Referência ao cão que dá
título ao livro e a um espaço
imaginário, espécie de paraíso
em que cães e humanos
falariam a mesma língua.













Ainda sobre Um Crime Delicado, cuja capa se apropria da pintura Pigmaleão e Galatéia (1860), do francês Jean-Léon Gerôme, faz-se referência ao caráter perverso e amoral dos personagens. Na quarta-capa, a tela As Meninas (1656), objeto de análise de centenas de estudos teóricos (e imagem-cânone da pintura ocidental), é exposta dentro de uma moldura dourada. Completa-se, então, o jogo de imagens, que brinca com as diversas interpretações dedicadas à obra do espanhol Diego Velázquez.


Capa para Um Crime Delicado,
que se apropria do repertório
de acadêmicos e críticos de 
arte para representar uma 
história ambientada no universo
da indústria cultural.














Discursos de menor complexidade também podem render bons projetos. É que se vê na série de logos criada para a Secretaria Municipal de Cultura da Prefeitura de São Paulo (1989-1992) e nos selos criados para a editora Companhia das Letras, com vinhetas e desenhos que ilustram uma concepção de design baseada no figurativismo. Vale comentar ainda os bons exemplos de combinação tipográfica nas capas criadas para a coleção Jornalismo Literário, em que Baptista abusa do conhecimento da tipografia, adquirido na época em que pintava os letreiros de programas da extinta TV Tupi.

Série de logotipos para a SMC se vale da associação de ícones a um tema específico.
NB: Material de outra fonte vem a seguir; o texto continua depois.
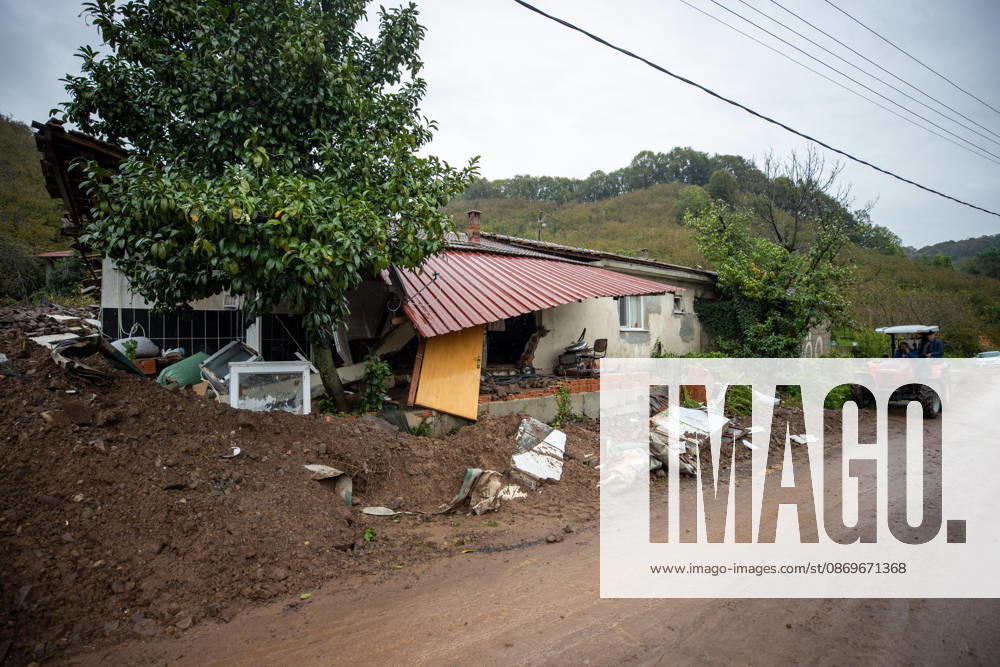 Landslide damages homes in Turkiye s Sakarya SAKARYA, TURKIYE - OCTOBER 16: Homes are damaged by a landslide and mud and rock debris carried by floodwaters following heavy rainfall in Karasu district of Sakarya, Turkiye, on October 16, 2026. Ibrahim Yozoglu Anadolu Sakarya Turkey. Editorial use only. Please get in touch for any other usage.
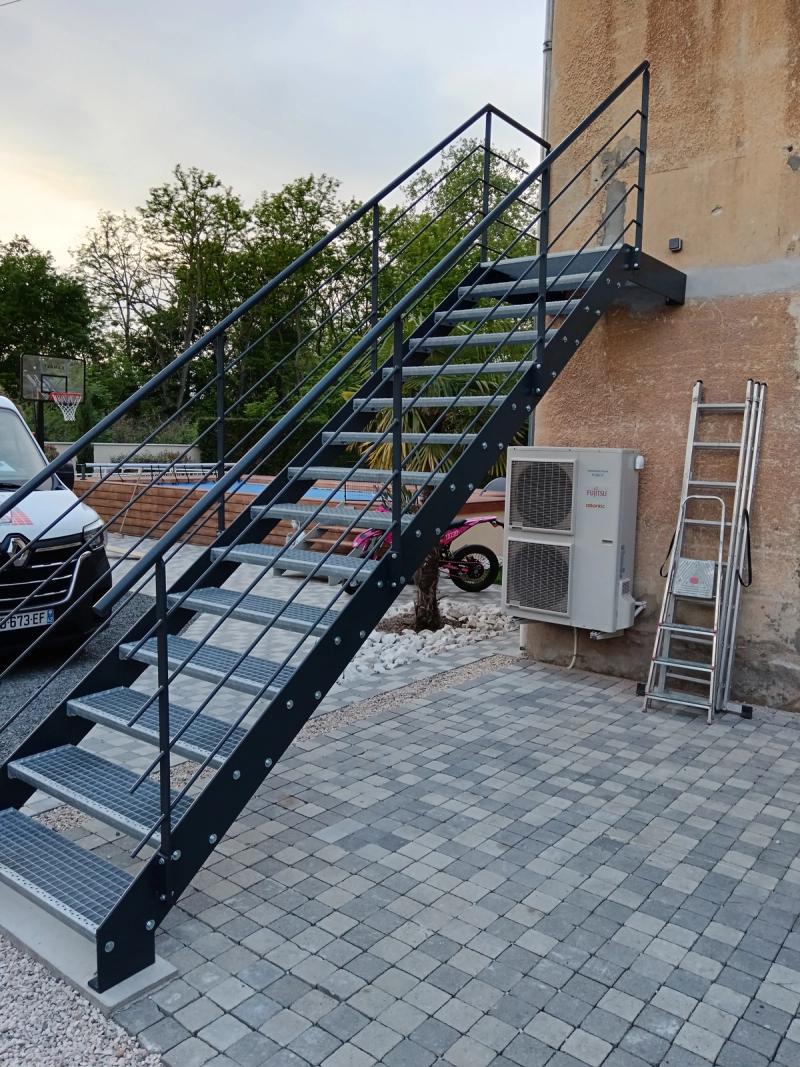 Escalier sur-mesure réalisé par DeniSoudure à Roanne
Para espetáculos de dança, a imagem de uma bailarina; para literatura, o rosto do escritor Oswald de Andrade. Este conceito de design figurativo já havia sido utilizado três anos antes nos selos da editora Companhia das Letras.

Marcado pela linguagem dos cartazes de rua, o trabalho de João Baptista da Costa Aguiar representa a força criativa das artes gráficas no Brasil — por meio de um trabalho com forte marca pessoal, fugindo dos cânones funcionalistas do design gráfico brasileiro.